**Work instruction**
Nothing but the pictures should be left out when you copy the records exactly.
====== Supplied material
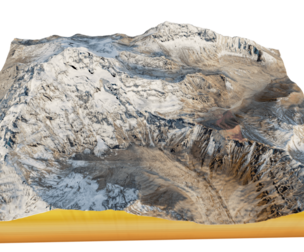 Aconcagua Mountain 3d model terrain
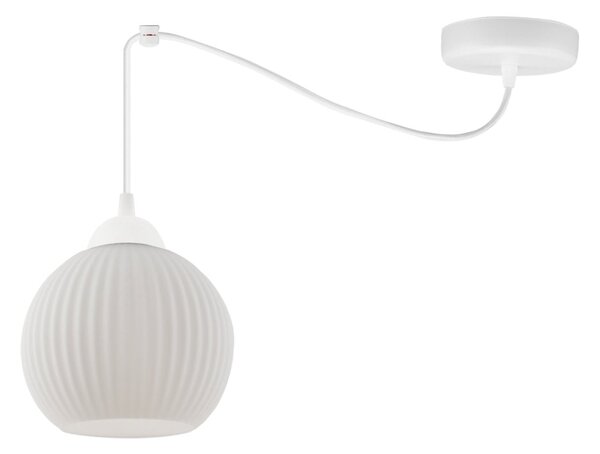 Závěsné svítidlo Riffle Round Spider, 1x bílé skleněné stínítko, w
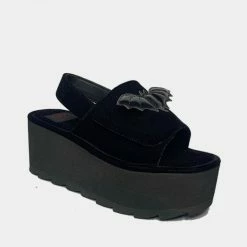 Strange Cvlt Lilly Bat Black Velvet Platform Sandal Footwear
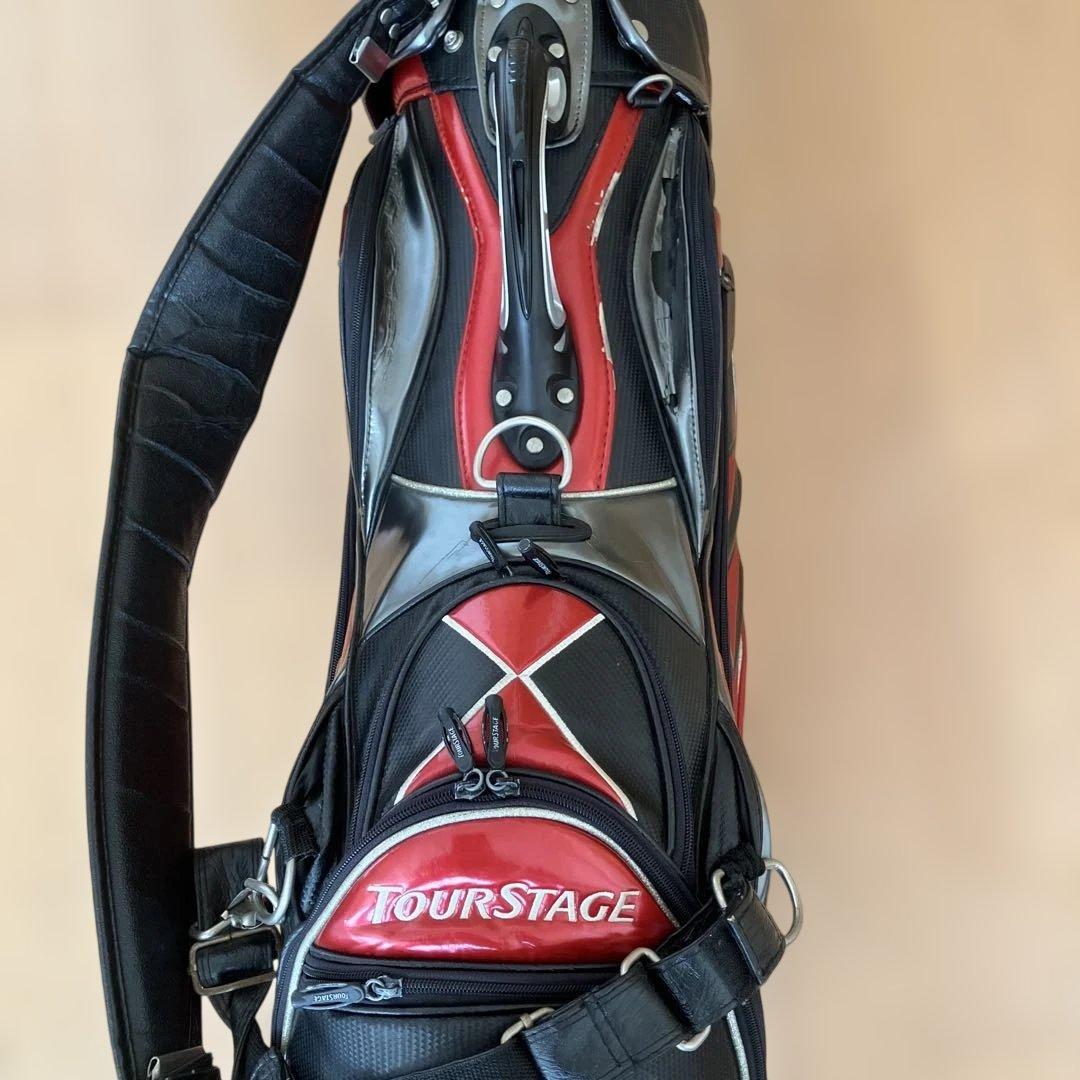 【希少】TOURSTAGE プロ仕様レプリカ　ゴルフバッグ 赤黒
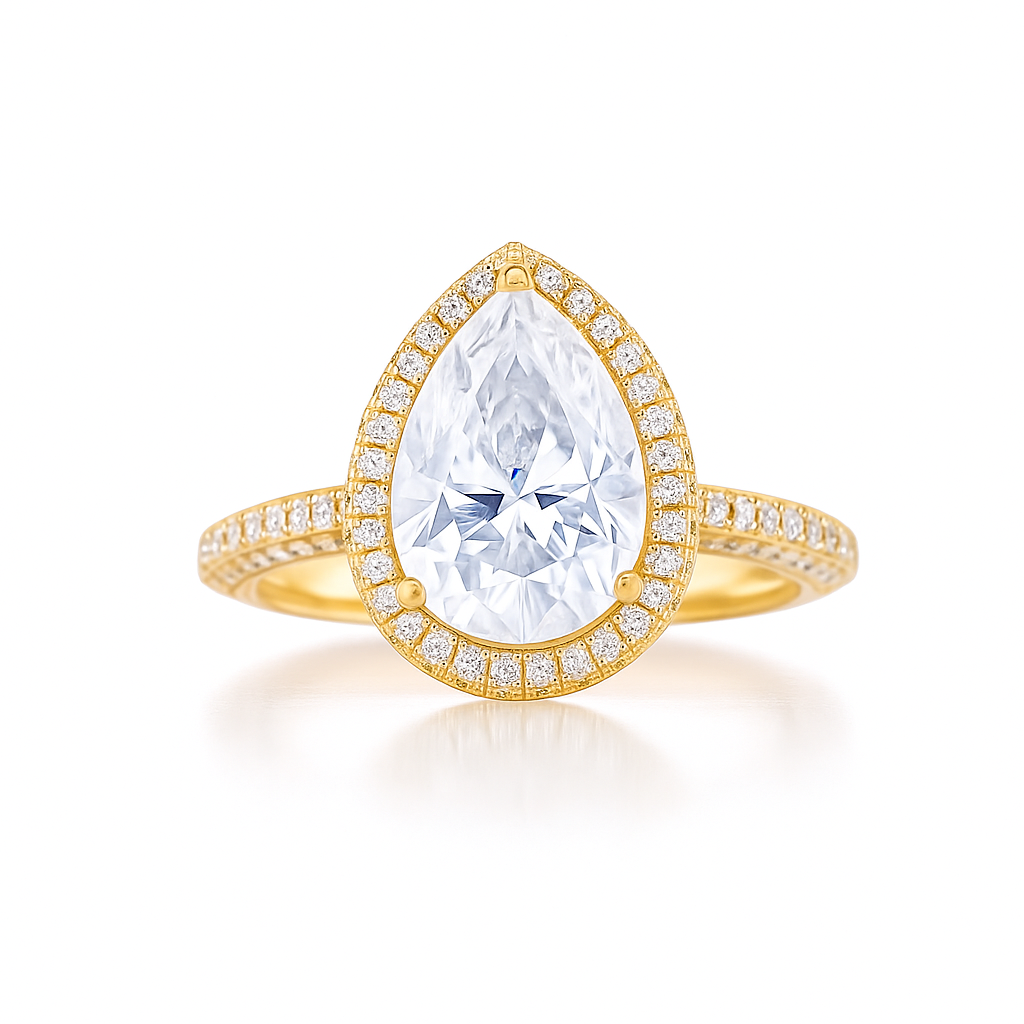 2 carat Pear Cut Moissanite Halo Ring 3D pave Ring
============
**Response**
 Aconcagua Mountain 3d model terrain
 Závěsné svítidlo Riffle Round Spider, 1x bílé skleněné stínítko, w
 Strange Cvlt Lilly Bat Black Velvet Platform Sandal Footwear
 【希少】TOURSTAGE プロ仕様レプリカ　ゴルフバッグ 赤黒
 2 carat Pear Cut Moissanite Halo Ring 3D pave Ring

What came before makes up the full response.